Social Security benefits still exist, for now. The problem is that with the inflation, the Social Security checks just don’t go as far as they used to. It’s led to countless problems.
If you go into any retirement community, you can hear the woes of the retired. They’ve had to re-enter the workforce so that they have enough money to make ends meet. They’ve had to rent out a room to be able to make rent. And for some, they’ve lost everything and are now discovering what it’s like to be homeless.
The government has to do something. Social Security is supposed to have cost of living adjustments (COLA). And anyone who depends on the checks knows that it’s a joke. COLA hasn’t been nearly what it needs to be to keep up with the rise in costs, especially with the inflation being seen in Biden’s America.
Now, a new estimate shows that there could be a 10.5% increase in payments starting at the beginning of next year. The Social Security Administration looks at the June reading for inflation. With a rise of 9.8% over the past 12 months, it’s enough to make anyone realize that it’s time to make some much-needed updates.
The Senior Citizens League is an advocacy group that is constantly looking at what retirees need to survive. The 10.5% increase could calculate out to be around $175 a month. The average benefit is $1668.
$175 extra a month is definitely a great addition. But, is it actually enough to cover the costs that seniors are having to endure? Not necessarily, especially if the current prices don’t get under control… and FAST.

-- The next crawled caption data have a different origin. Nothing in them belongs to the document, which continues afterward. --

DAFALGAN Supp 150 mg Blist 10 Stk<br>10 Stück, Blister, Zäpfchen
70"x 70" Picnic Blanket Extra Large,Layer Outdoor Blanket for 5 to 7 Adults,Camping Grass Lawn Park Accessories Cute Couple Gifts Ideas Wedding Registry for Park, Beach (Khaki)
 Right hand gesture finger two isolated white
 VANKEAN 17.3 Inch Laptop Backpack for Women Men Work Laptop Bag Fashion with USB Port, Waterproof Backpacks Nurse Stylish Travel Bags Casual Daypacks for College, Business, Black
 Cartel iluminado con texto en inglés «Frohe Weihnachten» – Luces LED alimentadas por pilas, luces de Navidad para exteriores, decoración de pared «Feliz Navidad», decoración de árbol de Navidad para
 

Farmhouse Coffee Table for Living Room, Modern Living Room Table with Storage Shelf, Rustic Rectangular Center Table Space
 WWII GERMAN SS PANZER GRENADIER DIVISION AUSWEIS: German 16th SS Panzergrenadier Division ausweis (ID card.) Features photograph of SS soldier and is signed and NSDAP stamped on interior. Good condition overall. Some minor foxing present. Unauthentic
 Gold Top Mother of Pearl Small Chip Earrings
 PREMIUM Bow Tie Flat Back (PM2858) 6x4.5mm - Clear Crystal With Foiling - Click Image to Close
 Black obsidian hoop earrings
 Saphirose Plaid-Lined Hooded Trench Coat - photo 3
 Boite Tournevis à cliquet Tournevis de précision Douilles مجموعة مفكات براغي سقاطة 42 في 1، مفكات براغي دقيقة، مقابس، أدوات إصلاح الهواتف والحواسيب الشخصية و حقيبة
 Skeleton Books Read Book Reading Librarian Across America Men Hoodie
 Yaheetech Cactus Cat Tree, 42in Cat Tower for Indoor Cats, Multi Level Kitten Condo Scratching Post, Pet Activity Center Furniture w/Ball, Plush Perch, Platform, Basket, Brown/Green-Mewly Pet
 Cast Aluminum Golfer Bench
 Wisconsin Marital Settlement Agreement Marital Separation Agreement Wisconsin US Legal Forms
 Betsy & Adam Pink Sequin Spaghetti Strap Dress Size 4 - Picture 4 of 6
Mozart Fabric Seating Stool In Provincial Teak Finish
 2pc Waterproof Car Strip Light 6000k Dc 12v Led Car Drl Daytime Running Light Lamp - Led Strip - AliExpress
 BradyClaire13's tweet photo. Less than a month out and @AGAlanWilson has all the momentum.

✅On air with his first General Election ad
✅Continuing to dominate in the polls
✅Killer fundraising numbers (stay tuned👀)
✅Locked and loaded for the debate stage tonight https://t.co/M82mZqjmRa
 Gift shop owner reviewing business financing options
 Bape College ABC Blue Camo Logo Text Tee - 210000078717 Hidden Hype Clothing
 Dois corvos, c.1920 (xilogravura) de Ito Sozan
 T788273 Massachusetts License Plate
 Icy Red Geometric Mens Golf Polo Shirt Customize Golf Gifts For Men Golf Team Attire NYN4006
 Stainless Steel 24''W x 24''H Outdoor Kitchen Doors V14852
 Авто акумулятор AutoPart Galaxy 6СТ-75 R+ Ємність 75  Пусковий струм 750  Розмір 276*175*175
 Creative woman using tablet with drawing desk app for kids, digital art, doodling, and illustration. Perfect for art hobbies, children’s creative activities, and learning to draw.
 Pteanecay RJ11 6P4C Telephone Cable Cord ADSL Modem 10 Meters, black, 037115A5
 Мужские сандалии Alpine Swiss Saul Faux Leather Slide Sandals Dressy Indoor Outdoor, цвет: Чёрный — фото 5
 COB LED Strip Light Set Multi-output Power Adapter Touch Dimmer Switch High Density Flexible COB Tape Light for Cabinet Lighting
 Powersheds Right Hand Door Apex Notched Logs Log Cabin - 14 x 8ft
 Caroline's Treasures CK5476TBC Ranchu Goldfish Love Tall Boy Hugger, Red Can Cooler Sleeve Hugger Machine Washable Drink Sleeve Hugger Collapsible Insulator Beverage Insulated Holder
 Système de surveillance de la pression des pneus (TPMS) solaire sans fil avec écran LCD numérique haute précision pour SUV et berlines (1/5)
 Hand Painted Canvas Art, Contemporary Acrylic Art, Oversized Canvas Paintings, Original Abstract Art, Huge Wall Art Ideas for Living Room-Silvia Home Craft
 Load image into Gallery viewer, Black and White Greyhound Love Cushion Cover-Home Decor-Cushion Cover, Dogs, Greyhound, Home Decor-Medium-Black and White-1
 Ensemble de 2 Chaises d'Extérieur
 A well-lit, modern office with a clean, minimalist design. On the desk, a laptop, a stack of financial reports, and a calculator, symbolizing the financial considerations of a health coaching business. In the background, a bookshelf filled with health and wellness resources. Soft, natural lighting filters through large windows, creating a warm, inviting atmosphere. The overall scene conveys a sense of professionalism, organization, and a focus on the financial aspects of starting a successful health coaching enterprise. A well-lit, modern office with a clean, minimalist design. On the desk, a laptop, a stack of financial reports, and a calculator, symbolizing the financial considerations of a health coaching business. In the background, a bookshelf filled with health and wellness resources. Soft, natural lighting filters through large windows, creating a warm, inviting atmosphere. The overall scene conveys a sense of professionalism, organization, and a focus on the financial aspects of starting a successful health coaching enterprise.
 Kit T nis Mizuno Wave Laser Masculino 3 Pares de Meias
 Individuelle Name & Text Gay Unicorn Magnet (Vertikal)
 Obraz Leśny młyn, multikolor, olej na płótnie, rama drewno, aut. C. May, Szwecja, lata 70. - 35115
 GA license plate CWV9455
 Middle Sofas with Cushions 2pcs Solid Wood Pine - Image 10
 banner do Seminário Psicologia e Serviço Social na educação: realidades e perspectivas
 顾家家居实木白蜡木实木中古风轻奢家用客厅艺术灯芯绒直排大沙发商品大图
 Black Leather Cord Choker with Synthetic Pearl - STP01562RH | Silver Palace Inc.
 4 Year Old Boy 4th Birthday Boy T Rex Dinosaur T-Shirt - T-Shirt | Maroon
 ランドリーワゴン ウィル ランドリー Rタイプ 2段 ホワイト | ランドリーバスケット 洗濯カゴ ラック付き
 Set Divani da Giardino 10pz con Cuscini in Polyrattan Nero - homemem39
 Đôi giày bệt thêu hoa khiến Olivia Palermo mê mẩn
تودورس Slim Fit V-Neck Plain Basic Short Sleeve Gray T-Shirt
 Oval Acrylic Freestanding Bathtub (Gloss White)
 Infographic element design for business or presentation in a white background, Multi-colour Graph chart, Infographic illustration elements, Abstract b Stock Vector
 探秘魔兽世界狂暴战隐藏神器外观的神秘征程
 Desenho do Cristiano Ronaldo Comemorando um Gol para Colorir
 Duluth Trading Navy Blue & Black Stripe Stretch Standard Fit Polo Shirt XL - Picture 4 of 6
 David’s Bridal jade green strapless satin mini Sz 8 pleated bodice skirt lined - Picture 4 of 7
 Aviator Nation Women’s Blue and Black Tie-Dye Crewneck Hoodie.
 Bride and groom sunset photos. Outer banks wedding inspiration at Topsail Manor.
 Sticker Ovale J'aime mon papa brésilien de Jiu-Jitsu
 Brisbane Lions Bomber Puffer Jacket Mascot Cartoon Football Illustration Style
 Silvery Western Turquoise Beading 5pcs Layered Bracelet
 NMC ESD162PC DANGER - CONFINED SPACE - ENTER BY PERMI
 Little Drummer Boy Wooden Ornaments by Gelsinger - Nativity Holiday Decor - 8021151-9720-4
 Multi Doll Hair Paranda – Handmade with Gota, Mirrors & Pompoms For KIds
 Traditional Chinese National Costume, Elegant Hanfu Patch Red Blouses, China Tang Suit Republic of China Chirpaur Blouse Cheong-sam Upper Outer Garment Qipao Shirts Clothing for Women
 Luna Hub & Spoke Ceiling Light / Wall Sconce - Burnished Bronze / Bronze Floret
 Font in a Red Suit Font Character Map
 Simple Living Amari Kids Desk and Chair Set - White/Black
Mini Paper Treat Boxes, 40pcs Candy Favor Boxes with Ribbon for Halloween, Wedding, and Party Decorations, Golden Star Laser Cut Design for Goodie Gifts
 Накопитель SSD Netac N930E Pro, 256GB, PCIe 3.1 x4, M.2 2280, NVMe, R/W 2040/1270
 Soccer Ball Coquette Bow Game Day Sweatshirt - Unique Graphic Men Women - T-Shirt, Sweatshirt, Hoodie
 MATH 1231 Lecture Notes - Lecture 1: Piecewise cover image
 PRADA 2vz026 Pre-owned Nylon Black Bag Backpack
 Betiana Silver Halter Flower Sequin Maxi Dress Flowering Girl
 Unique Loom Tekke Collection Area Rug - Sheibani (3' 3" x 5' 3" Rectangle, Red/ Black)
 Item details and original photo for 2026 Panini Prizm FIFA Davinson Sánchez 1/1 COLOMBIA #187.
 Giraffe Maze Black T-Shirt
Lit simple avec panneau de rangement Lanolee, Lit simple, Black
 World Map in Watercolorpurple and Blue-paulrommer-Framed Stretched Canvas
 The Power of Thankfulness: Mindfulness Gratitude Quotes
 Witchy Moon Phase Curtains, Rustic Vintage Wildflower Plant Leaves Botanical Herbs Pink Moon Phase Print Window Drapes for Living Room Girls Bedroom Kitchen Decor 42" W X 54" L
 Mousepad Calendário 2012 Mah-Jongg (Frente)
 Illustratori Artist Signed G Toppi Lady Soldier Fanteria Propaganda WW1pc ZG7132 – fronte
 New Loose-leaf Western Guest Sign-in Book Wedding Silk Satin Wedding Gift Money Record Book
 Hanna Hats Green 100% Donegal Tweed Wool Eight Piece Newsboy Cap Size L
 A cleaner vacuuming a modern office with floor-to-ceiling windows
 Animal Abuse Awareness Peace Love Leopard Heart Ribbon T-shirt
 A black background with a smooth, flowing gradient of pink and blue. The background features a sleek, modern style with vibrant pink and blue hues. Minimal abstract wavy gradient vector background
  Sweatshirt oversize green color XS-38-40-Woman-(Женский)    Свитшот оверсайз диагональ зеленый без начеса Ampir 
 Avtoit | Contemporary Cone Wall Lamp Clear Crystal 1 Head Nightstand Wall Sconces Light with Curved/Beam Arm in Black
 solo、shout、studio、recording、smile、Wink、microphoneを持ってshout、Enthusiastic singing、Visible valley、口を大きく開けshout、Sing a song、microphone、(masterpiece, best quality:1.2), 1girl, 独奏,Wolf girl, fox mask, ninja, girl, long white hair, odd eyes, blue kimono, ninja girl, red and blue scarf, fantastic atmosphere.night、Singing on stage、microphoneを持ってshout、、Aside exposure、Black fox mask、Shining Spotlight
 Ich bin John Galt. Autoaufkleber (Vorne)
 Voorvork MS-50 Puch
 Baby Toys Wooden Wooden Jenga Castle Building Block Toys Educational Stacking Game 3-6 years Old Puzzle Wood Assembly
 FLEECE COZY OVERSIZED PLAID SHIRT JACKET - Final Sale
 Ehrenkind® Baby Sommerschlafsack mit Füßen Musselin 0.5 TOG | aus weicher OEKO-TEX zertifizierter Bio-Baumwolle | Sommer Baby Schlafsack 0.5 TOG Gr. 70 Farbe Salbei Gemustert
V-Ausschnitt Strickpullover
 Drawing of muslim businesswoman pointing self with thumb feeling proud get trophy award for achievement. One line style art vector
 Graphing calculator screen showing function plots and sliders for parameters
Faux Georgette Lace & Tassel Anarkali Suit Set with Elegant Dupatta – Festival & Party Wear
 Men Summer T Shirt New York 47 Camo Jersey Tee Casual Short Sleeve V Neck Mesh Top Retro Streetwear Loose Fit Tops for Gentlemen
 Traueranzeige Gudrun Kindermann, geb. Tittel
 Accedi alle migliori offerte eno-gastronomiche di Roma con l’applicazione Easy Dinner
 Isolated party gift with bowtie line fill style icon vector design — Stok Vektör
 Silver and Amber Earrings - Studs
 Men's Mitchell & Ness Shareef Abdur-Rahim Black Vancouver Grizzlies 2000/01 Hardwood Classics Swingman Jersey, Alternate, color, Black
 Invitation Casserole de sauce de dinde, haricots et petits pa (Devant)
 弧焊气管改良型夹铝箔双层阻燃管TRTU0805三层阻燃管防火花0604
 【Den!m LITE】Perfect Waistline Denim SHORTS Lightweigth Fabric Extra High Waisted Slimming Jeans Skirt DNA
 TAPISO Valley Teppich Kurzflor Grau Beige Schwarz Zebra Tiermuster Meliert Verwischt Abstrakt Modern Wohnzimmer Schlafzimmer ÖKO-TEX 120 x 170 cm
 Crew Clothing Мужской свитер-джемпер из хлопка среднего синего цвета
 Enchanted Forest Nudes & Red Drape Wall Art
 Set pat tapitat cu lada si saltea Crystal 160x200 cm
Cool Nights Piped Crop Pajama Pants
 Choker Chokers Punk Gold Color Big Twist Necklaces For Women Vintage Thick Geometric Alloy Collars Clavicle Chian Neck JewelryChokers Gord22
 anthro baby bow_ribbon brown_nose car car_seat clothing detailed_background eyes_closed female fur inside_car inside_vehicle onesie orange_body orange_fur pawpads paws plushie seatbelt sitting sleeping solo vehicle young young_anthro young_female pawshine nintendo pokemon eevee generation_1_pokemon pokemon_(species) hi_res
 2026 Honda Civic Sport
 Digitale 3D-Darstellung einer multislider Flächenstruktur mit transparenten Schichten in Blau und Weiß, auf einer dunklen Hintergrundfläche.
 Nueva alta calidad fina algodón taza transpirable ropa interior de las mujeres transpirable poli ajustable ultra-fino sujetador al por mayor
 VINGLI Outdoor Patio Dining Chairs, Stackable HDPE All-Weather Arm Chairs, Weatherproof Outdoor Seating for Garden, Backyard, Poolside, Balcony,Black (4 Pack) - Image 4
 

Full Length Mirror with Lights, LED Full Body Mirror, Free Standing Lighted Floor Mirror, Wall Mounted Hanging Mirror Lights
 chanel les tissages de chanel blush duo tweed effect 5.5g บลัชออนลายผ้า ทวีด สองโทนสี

This is where the league is particularly worried. In instances where retirees are renting, apartments are charging hundreds of dollars more per month. Then, there’s the cost of food, gas, and everything else. $175 wouldn’t even cover the escalated rent.
The Social Security Administration won’t release the official adjustment until October – and that’s because they’ll also be looking at the Consumer Price Index for Urban Wage Earners and Clerical Workers, also referred to as CPI-W. If there’s a jump for those working, there’s a jump for those who depend on Social Security – and there’s always a direct link.
There’s always the talk that Social Security won’t be around for too much longer. However, we’re all paying into it. So, it should reason that as long as everyone keeps paying into it, there will be plenty of funds. Unfortunately, the government dips into it as they please – and some people are getting benefits from it without ever paying into it.
There are plenty of groups estimating how much the jump in benefits should be for Social Security. The Committee for a Responsible Federal Budget is a watchdog group that says that their estimate is closer to an 11.4% adjustment due to the way the inflation trend is headed.
Regardless of how much it will be, it’s likely going to be a two-digit percentage increase – the largest that seniors will have seen since the early 1980s.
Mary Johnson, the policy analyst with The Senior Citizens League explains, “Inflation has been so high and so much higher than the 5.9% COLA that people got [in 2022], they have experienced a shortfall in their benefits. If people do not have adequate retirement savings or cash savings that they can easily get to, people are putting more on consumer credit cards.”
Additionally, many seniors had to deal with an increase in Medicare, leaving less than they were actually receiving from Social Security.
There’s good news for 2023. It looks as though there will be lower Medicare premiums. And, as a result of wage hikes for those who aren’t retired, there will be more payroll tax revenue in the Social Security trust fund.
Whether the COLA bump ends up being 10, 11, or even 12 percent, it will offer some financial assistance. Now, all we have to do is hope that the inflation gets under control fast so that retirees can hold onto their piddly bump from this year until they get a better bump next year.